Rattan A K, Tejwani G A

机构信息

Department of Pharmacology, College of Medicine, Ohio State University, Columbus 43210, USA.

出版信息

Brain Res Bull. 1996;41(6):335-41. doi: 10.1016/s0361-9230(96)00022-6.

Abstract

We have recently reported that a short-acting anesthetic and analgesic drug midazolam can produce analgesia and decrease morphine tolerance and dependence in the rat by interacting with the opioid system. This study was designed to investigate the effect of midazolam, morphine, and both together on beta-endorphin levels in the rat. Male Sprague-Dawley rats were divided into four groups: (1) saline-saline; (2) saline-morphine; (3) midazolam-saline, and (4) midazolam-morphine groups. First, saline or midazolam injection was given IP and after 30 min a second injection of saline or morphine was given subcutaneously once daily for 11 days. Animals were sacrificed on 11th day 60 min after the last injection, to measure beta-endorphin by radioimmunoassay. Saline-morphine-treated animals showed a significant increase in beta-endorphin levels in the cortex, pons, medulla, lumbar spinal cord, adrenals, and spleen, and a decrease only in its level in pituitary. Midazolam-saline-treated animals showed a significant increase in beta-endorphin levels only in the medulla, and a decrease in its levels in hippocampus, striatum, and adrenals. Saline-morphine-treated animals did not show any changes in plasma beta-endorphin, but animals treated with midazolam-saline had a significant decrease in plasma beta-endorphin. In rats treated with morphine and midazolam together, beta-endorphin levels in cortex, lumbar spinal cord, and spleen decreased to the similar levels observed in rats treated with saline-saline; in pons and cervical spinal cord the levels were even lower than that found in saline-saline group.
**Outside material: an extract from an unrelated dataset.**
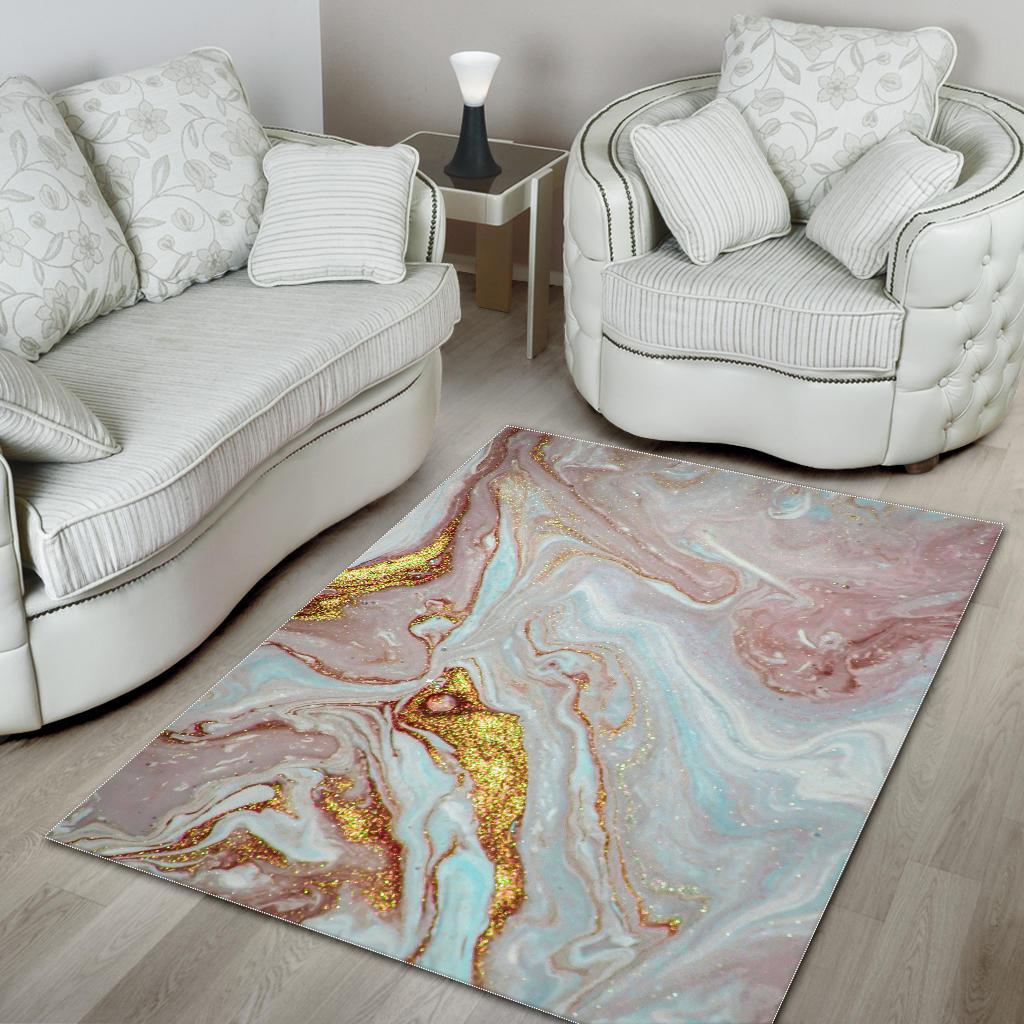 Pink Gold Liquid Marble Print Area Rug GearFrost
The decrease in pituitary beta-endorphin in morphine-midazolam-treated rats was due to morphine's own activity, whereas the decrease in plasma beta-endorphin in hippocampus in the morphine-midazolam group was a synergistic effect of morphine and midazolam. The beta-endorphin level in adrenal glands in the morphine-midazolam-treated animals was not different from that found in rats treated with morphine alone but was still higher than that in the saline-saline group. In general, it appears that chronic treatment with morphine stimulates the beta-endorphinergic system. A concomitant treatment with midazolam abolishes the stimulatory effect of morphine on the beta-endorphinergic system. These results may help us in understanding the intrinsic mechanisms involved in narcotic tolerance and dependence.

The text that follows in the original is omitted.